■ Data records:
··········
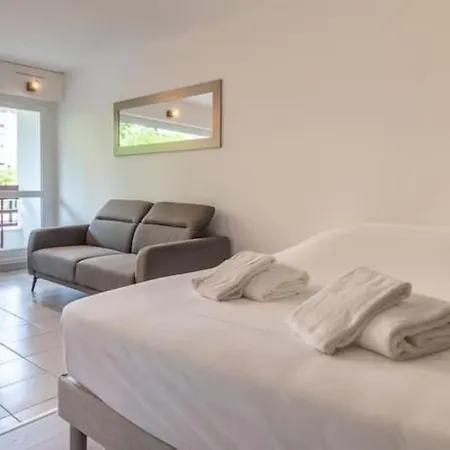Apartment Joli Avec Balcon Proximite Annecy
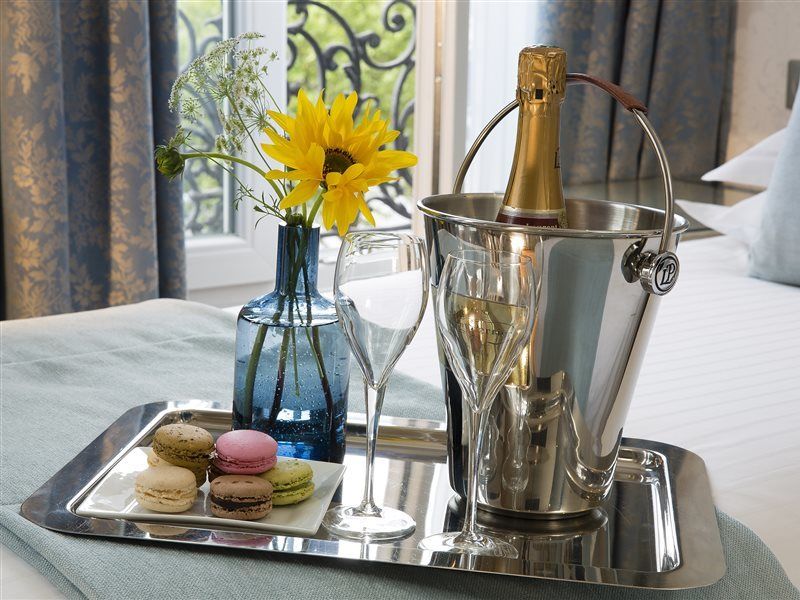Plaza Elysées 4* Paris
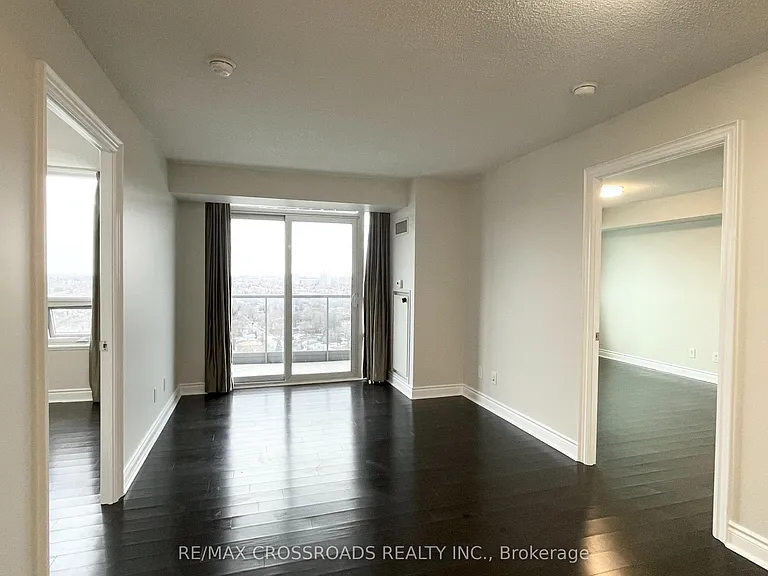25 Greenview Ave #2028 — Photo 8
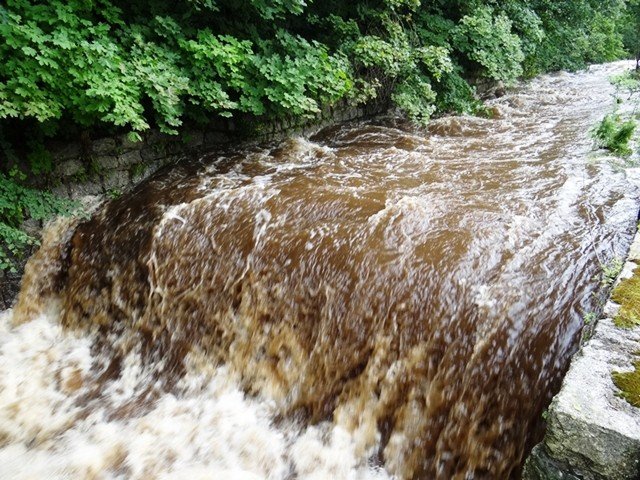 ulewa-narobia-szkod-foto-53157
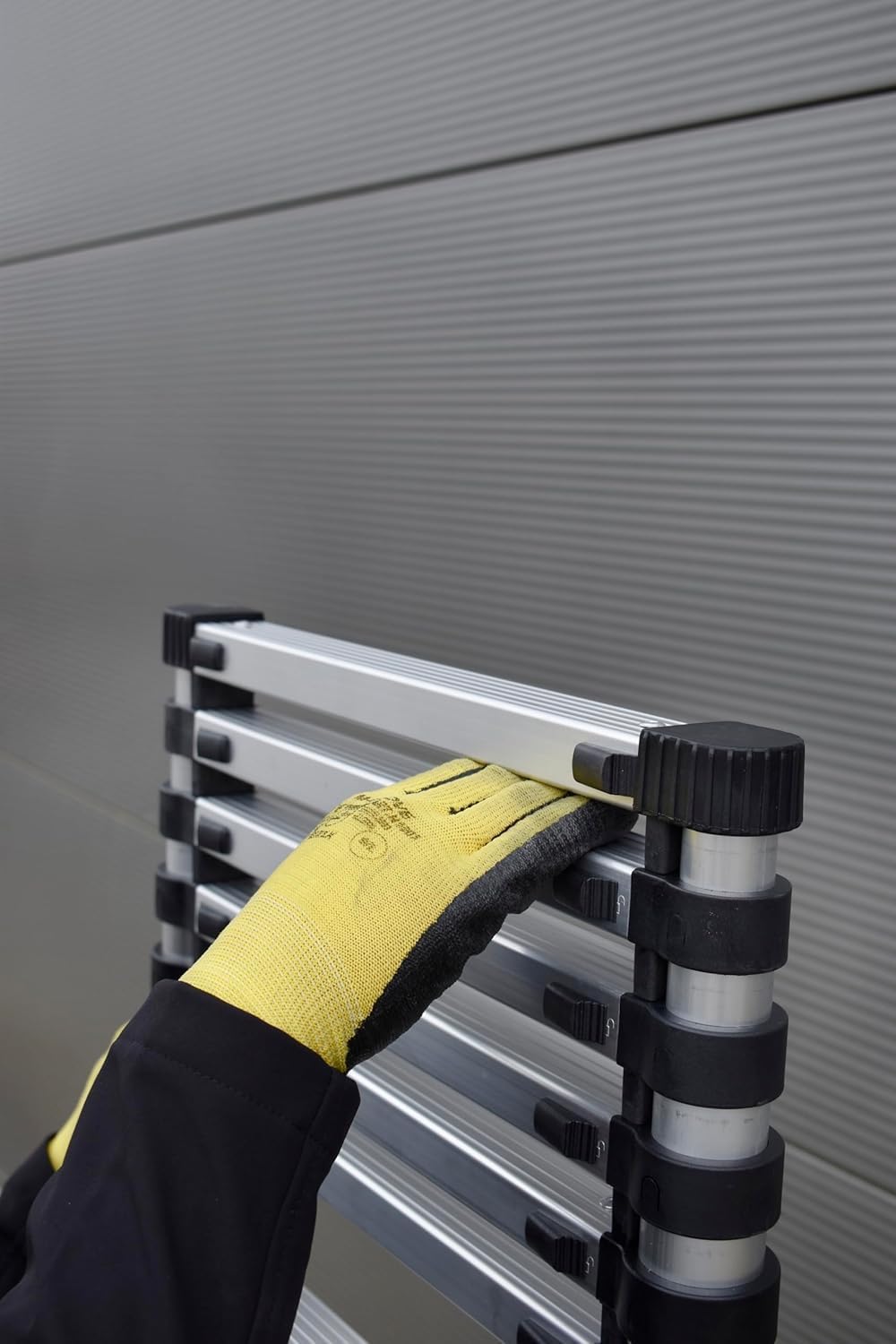 Drabest - Teleskopleiter aus Aluminium mit Befestigungshaken - Leiter Ausziehbar - Klappleiter, Aluleiter - Mehrzweckleiter - Multifunktionsleiter, Ausziehleiter - Klappbar - 13 Stufen - Höhe 3,8m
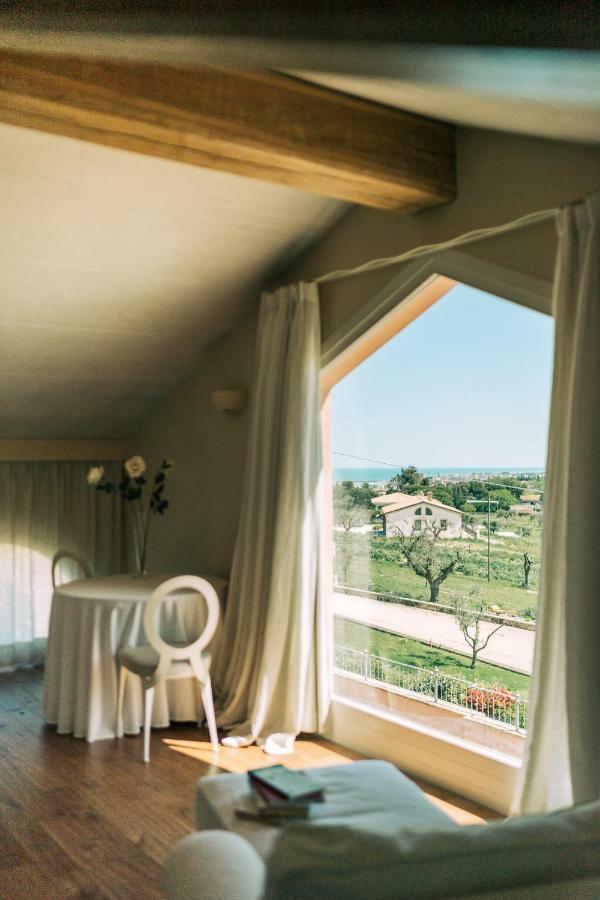 Nontiscordardime B&B Villa Agriturismo チヴィタノーヴァ・マルケ エクステリア 写真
··········
Leave the pictures out and repeat exactly the lines from the beginning of the records to the line bearing "Drabest - Teleskopleiter", both ends counted.

Apartment Joli Avec Balcon Proximite Annecy
Plaza Elysées 4* Paris
25 Greenview Ave #2028 — Photo 8
 ulewa-narobia-szkod-foto-53157
 Drabest - Teleskopleiter aus Aluminium mit Befestigungshaken - Leiter Ausziehbar - Klappleiter, Aluleiter - Mehrzweckleiter - Multifunktionsleiter, Ausziehleiter - Klappbar - 13 Stufen - Höhe 3,8m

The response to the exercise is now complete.